- [ASSIGNMENT]
Your answer should contain each record from the listing, repeated exactly.
━━━━━ GIVEN RECORDS
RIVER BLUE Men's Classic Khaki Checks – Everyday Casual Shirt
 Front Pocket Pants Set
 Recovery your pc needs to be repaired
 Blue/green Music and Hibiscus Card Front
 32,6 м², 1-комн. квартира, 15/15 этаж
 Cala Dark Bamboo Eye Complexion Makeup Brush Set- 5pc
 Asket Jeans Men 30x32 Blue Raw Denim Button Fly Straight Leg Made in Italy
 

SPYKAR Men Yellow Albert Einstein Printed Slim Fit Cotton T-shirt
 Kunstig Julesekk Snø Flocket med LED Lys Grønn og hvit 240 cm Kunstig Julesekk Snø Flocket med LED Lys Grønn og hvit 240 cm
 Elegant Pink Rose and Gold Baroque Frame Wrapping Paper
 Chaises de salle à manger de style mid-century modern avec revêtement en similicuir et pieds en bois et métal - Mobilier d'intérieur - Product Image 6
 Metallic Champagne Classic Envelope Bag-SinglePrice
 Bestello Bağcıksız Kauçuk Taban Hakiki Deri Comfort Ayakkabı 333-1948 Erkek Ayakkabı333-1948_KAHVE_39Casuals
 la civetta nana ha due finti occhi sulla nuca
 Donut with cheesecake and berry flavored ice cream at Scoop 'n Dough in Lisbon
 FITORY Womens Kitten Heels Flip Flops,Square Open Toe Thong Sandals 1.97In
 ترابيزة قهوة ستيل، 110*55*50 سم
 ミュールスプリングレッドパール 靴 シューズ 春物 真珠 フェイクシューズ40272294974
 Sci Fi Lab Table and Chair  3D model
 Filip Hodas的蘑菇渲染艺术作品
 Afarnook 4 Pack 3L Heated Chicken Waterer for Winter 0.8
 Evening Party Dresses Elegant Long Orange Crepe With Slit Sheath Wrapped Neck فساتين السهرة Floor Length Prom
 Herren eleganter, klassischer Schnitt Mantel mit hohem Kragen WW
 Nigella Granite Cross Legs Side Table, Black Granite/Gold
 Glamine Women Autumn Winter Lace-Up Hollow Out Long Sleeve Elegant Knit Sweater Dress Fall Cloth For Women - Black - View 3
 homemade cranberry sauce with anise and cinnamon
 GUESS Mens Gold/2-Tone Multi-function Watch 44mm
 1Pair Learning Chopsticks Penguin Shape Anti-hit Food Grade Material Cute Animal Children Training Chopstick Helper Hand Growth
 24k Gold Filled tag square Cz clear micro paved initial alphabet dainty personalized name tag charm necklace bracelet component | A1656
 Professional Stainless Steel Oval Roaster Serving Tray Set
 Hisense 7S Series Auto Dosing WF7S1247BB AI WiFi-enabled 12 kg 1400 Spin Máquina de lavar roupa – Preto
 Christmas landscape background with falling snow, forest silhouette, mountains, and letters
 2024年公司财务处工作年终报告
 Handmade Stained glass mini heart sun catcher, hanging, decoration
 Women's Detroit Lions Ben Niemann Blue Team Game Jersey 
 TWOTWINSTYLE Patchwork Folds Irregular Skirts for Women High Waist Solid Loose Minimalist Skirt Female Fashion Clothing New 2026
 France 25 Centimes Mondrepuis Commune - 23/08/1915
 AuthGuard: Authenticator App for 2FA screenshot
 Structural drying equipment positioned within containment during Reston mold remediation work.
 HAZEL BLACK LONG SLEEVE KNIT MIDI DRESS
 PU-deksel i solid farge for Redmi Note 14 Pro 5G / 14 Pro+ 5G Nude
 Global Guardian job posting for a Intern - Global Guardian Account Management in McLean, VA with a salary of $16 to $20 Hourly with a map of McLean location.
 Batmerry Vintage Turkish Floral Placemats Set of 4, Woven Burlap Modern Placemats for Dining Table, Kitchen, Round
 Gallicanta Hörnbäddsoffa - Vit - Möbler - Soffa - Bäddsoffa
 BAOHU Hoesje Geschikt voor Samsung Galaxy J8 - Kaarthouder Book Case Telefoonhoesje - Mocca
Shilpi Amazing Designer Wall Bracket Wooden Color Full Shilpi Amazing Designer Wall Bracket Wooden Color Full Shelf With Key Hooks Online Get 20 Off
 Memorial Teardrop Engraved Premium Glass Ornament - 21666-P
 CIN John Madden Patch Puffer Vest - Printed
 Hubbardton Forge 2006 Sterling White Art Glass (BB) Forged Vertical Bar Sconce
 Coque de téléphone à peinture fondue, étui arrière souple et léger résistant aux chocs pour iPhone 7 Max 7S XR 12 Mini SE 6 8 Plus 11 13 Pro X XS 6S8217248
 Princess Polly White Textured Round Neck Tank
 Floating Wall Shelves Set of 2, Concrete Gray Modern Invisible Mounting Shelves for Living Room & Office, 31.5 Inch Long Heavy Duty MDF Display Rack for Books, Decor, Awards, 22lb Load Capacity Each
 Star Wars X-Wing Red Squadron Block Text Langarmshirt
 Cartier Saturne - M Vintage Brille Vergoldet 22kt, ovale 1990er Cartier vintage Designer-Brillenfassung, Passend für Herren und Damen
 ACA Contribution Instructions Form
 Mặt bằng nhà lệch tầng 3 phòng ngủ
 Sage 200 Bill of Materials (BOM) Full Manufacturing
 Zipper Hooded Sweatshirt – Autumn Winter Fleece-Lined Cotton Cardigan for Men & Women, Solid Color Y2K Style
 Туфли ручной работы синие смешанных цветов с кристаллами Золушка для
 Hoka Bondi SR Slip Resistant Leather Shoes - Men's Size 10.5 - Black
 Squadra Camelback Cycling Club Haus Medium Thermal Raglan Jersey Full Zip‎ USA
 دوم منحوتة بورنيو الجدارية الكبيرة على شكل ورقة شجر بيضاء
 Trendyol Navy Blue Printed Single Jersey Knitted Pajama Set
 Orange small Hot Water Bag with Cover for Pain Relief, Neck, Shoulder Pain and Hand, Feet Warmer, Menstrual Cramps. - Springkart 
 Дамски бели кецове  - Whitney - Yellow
━━━━━━━━━━
- [ANSWER TO THIS TASK]
RIVER BLUE Men's Classic Khaki Checks – Everyday Casual Shirt
 Front Pocket Pants Set
 Recovery your pc needs to be repaired
 Blue/green Music and Hibiscus Card Front
 32,6 м², 1-комн. квартира, 15/15 этаж
 Cala Dark Bamboo Eye Complexion Makeup Brush Set- 5pc
 Asket Jeans Men 30x32 Blue Raw Denim Button Fly Straight Leg Made in Italy
 

SPYKAR Men Yellow Albert Einstein Printed Slim Fit Cotton T-shirt
 Kunstig Julesekk Snø Flocket med LED Lys Grønn og hvit 240 cm Kunstig Julesekk Snø Flocket med LED Lys Grønn og hvit 240 cm
 Elegant Pink Rose and Gold Baroque Frame Wrapping Paper
 Chaises de salle à manger de style mid-century modern avec revêtement en similicuir et pieds en bois et métal - Mobilier d'intérieur - Product Image 6
 Metallic Champagne Classic Envelope Bag-SinglePrice
 Bestello Bağcıksız Kauçuk Taban Hakiki Deri Comfort Ayakkabı 333-1948 Erkek Ayakkabı333-1948_KAHVE_39Casuals
 la civetta nana ha due finti occhi sulla nuca
 Donut with cheesecake and berry flavored ice cream at Scoop 'n Dough in Lisbon
 FITORY Womens Kitten Heels Flip Flops,Square Open Toe Thong Sandals 1.97In
 ترابيزة قهوة ستيل، 110*55*50 سم
 ミュールスプリングレッドパール 靴 シューズ 春物 真珠 フェイクシューズ40272294974
 Sci Fi Lab Table and Chair  3D model
 Filip Hodas的蘑菇渲染艺术作品
 Afarnook 4 Pack 3L Heated Chicken Waterer for Winter 0.8
 Evening Party Dresses Elegant Long Orange Crepe With Slit Sheath Wrapped Neck فساتين السهرة Floor Length Prom
 Herren eleganter, klassischer Schnitt Mantel mit hohem Kragen WW
 Nigella Granite Cross Legs Side Table, Black Granite/Gold
 Glamine Women Autumn Winter Lace-Up Hollow Out Long Sleeve Elegant Knit Sweater Dress Fall Cloth For Women - Black - View 3
 homemade cranberry sauce with anise and cinnamon
 GUESS Mens Gold/2-Tone Multi-function Watch 44mm
 1Pair Learning Chopsticks Penguin Shape Anti-hit Food Grade Material Cute Animal Children Training Chopstick Helper Hand Growth
 24k Gold Filled tag square Cz clear micro paved initial alphabet dainty personalized name tag charm necklace bracelet component | A1656
 Professional Stainless Steel Oval Roaster Serving Tray Set
 Hisense 7S Series Auto Dosing WF7S1247BB AI WiFi-enabled 12 kg 1400 Spin Máquina de lavar roupa – Preto
 Christmas landscape background with falling snow, forest silhouette, mountains, and letters
 2024年公司财务处工作年终报告
 Handmade Stained glass mini heart sun catcher, hanging, decoration
 Women's Detroit Lions Ben Niemann Blue Team Game Jersey 
 TWOTWINSTYLE Patchwork Folds Irregular Skirts for Women High Waist Solid Loose Minimalist Skirt Female Fashion Clothing New 2026
 France 25 Centimes Mondrepuis Commune - 23/08/1915
 AuthGuard: Authenticator App for 2FA screenshot
 Structural drying equipment positioned within containment during Reston mold remediation work.
 HAZEL BLACK LONG SLEEVE KNIT MIDI DRESS
 PU-deksel i solid farge for Redmi Note 14 Pro 5G / 14 Pro+ 5G Nude
 Global Guardian job posting for a Intern - Global Guardian Account Management in McLean, VA with a salary of $16 to $20 Hourly with a map of McLean location.
 Batmerry Vintage Turkish Floral Placemats Set of 4, Woven Burlap Modern Placemats for Dining Table, Kitchen, Round
 Gallicanta Hörnbäddsoffa - Vit - Möbler - Soffa - Bäddsoffa
 BAOHU Hoesje Geschikt voor Samsung Galaxy J8 - Kaarthouder Book Case Telefoonhoesje - Mocca
Shilpi Amazing Designer Wall Bracket Wooden Color Full Shilpi Amazing Designer Wall Bracket Wooden Color Full Shelf With Key Hooks Online Get 20 Off
 Memorial Teardrop Engraved Premium Glass Ornament - 21666-P
 CIN John Madden Patch Puffer Vest - Printed
 Hubbardton Forge 2006 Sterling White Art Glass (BB) Forged Vertical Bar Sconce
 Coque de téléphone à peinture fondue, étui arrière souple et léger résistant aux chocs pour iPhone 7 Max 7S XR 12 Mini SE 6 8 Plus 11 13 Pro X XS 6S8217248
 Princess Polly White Textured Round Neck Tank
 Floating Wall Shelves Set of 2, Concrete Gray Modern Invisible Mounting Shelves for Living Room & Office, 31.5 Inch Long Heavy Duty MDF Display Rack for Books, Decor, Awards, 22lb Load Capacity Each
 Star Wars X-Wing Red Squadron Block Text Langarmshirt
 Cartier Saturne - M Vintage Brille Vergoldet 22kt, ovale 1990er Cartier vintage Designer-Brillenfassung, Passend für Herren und Damen
 ACA Contribution Instructions Form
 Mặt bằng nhà lệch tầng 3 phòng ngủ
 Sage 200 Bill of Materials (BOM) Full Manufacturing
 Zipper Hooded Sweatshirt – Autumn Winter Fleece-Lined Cotton Cardigan for Men & Women, Solid Color Y2K Style
 Туфли ручной работы синие смешанных цветов с кристаллами Золушка для
 Hoka Bondi SR Slip Resistant Leather Shoes - Men's Size 10.5 - Black
 Squadra Camelback Cycling Club Haus Medium Thermal Raglan Jersey Full Zip‎ USA
 دوم منحوتة بورنيو الجدارية الكبيرة على شكل ورقة شجر بيضاء
 Trendyol Navy Blue Printed Single Jersey Knitted Pajama Set
 Orange small Hot Water Bag with Cover for Pain Relief, Neck, Shoulder Pain and Hand, Feet Warmer, Menstrual Cramps. - Springkart 
 Дамски бели кецове  - Whitney - Yellow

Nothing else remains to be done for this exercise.